-- Given data follows --

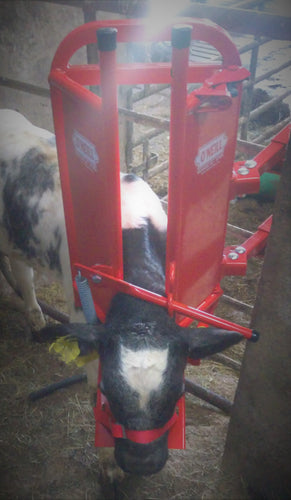 O’Neill Calf & Sheep Staller from Leam Agri Ltd, Tempo, County Fermanagh, Northern Ireland.  Serving Fermanagh, Tyrone, Antrim, Down, Londonderry, Armagh, Cavan, Leitrim, Sligo, Monaghan, Donegal, Dublin Carlow, Clare, Cork, Galway, Kerry, Kildare, Kilkenny, Laois, Limerick, Longford, Louth, Mayo, Meath, Monaghan, Offaly, Roscommon, Tipperary, Waterford, Westmeath, Wexford and Wicklow and throughout the United Kingdom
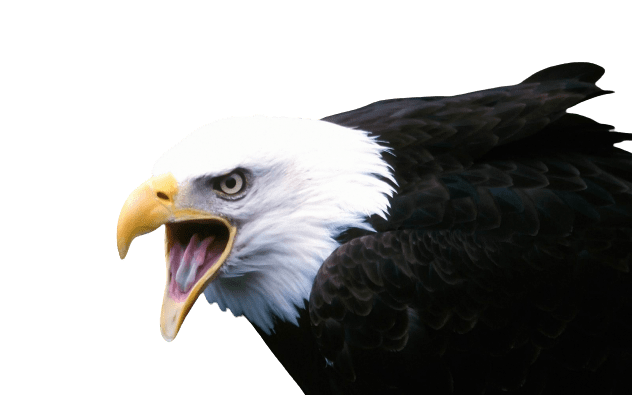 eagle-36
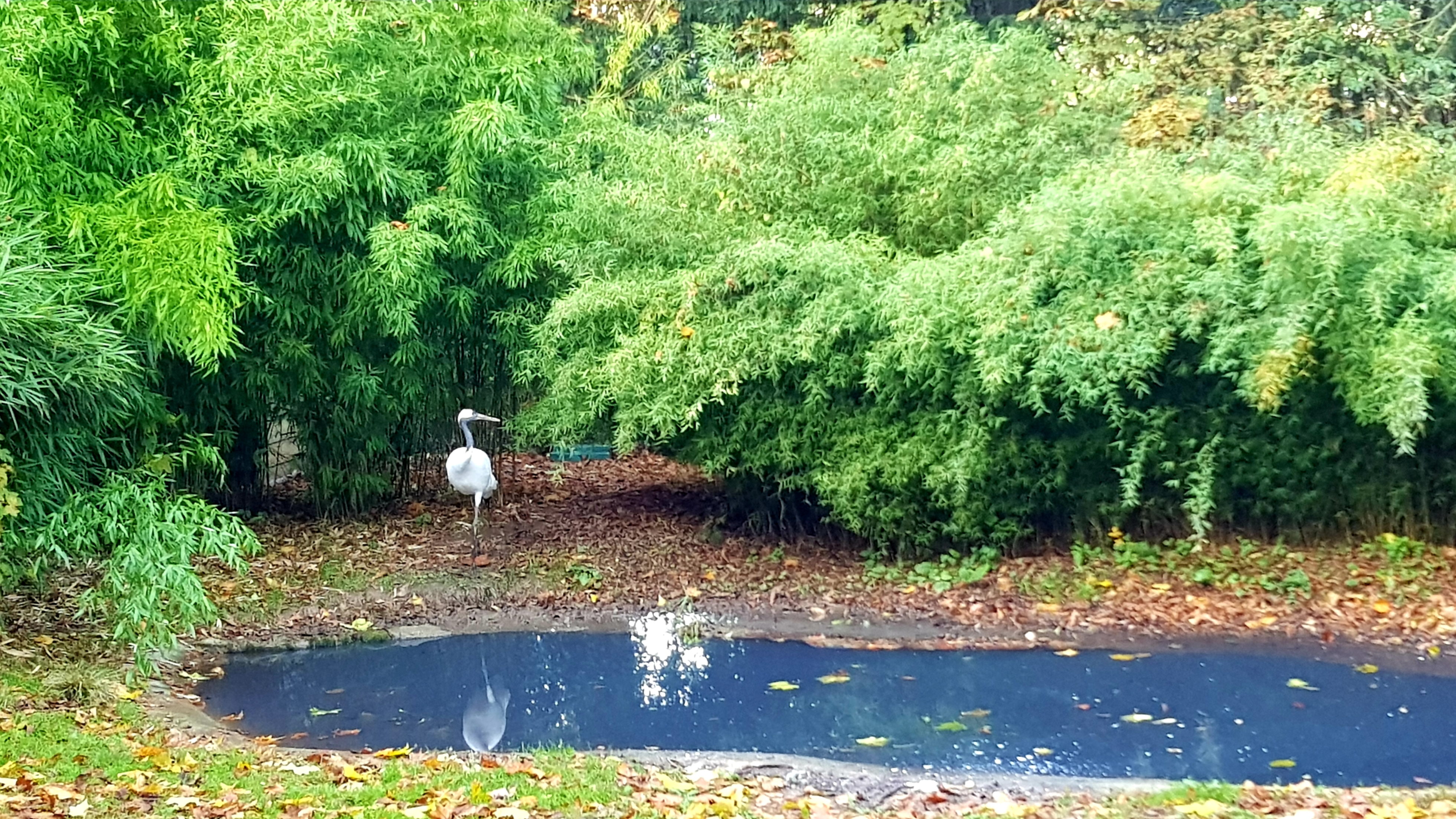 Photo n° 8 de l'avis de Morglaz.c fait le 10/11/2021 à 10:42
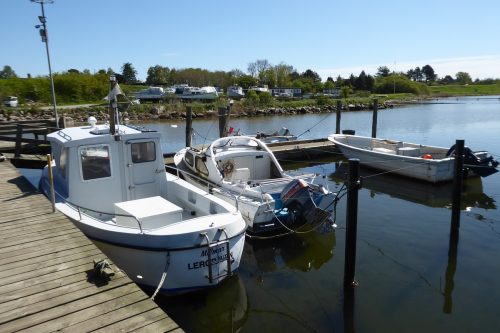 Standerhejsning-2018-3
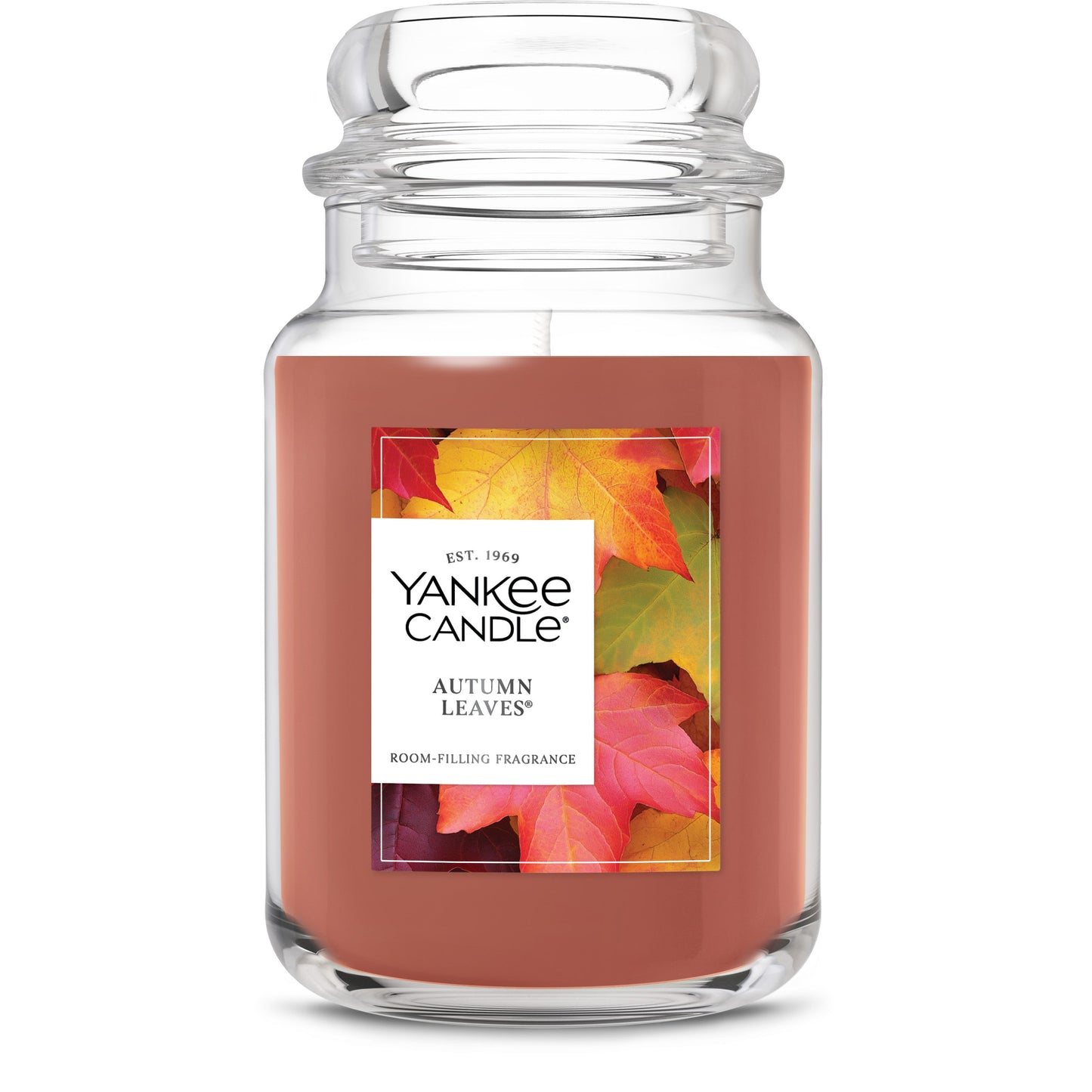 Autumn Leaves® Daily 4-0504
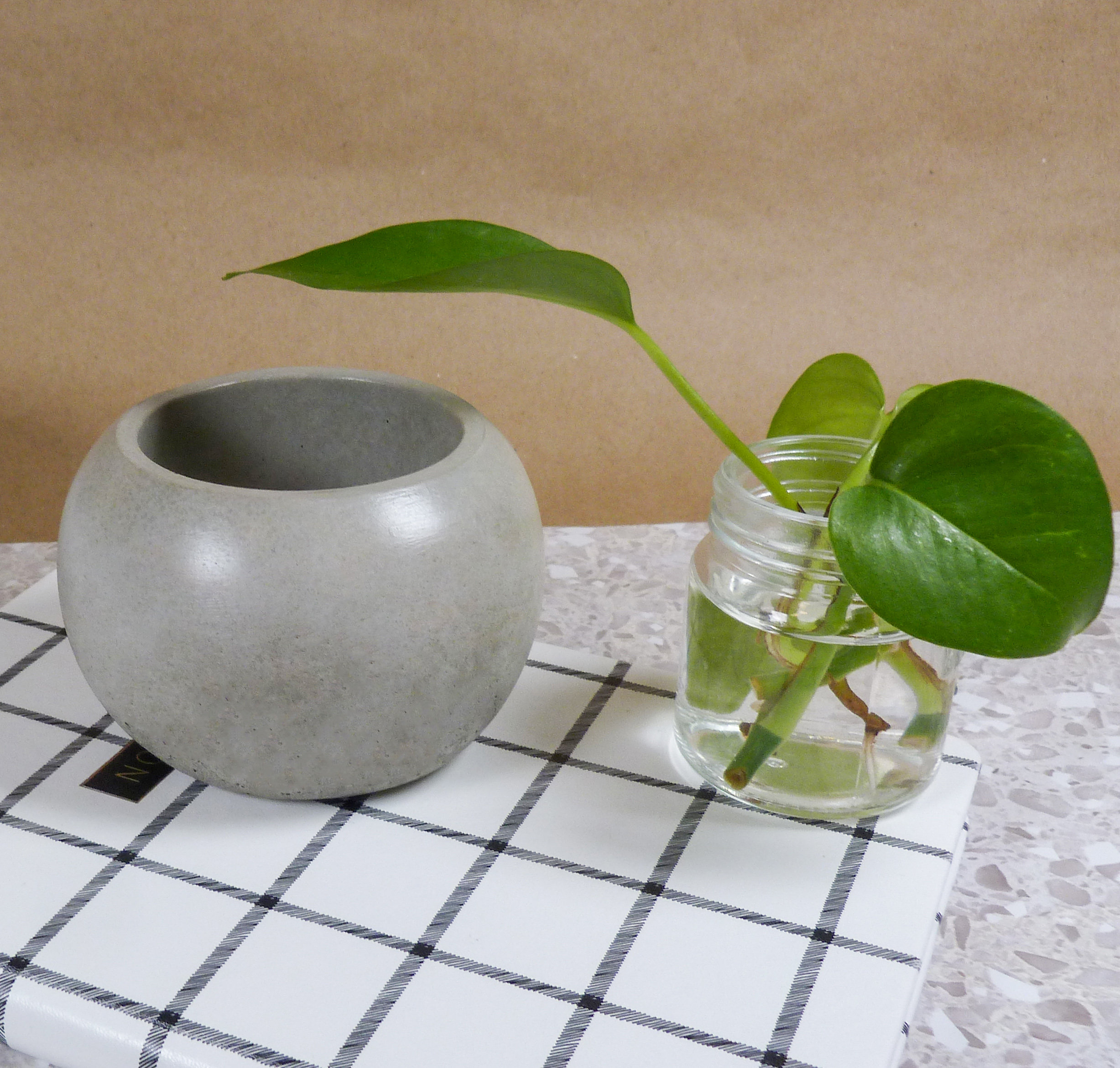 Spheric Plant holder 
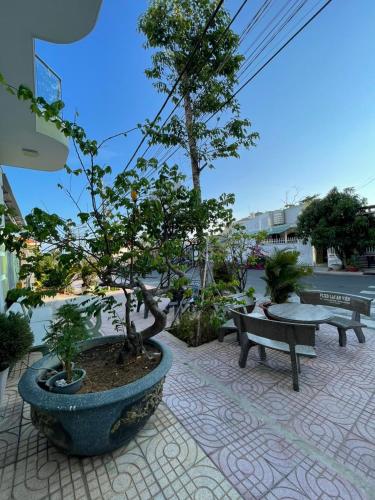 a group of benches and bonsai trees on a patio at Homestay Hoài Tâm Phan Thiết in Phan Thiet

-- Given data concluded --

_Exercise description_
Could you reproduce exactly the lines from the one containing "Autumn Leaves® Daily 4-0504" through the last line of the records, both included, leaving out the pictures?

_Written answer_
 Autumn Leaves® Daily 4-0504
 Spheric Plant holder 
 a group of benches and bonsai trees on a patio at Homestay Hoài Tâm Phan Thiết in Phan Thiet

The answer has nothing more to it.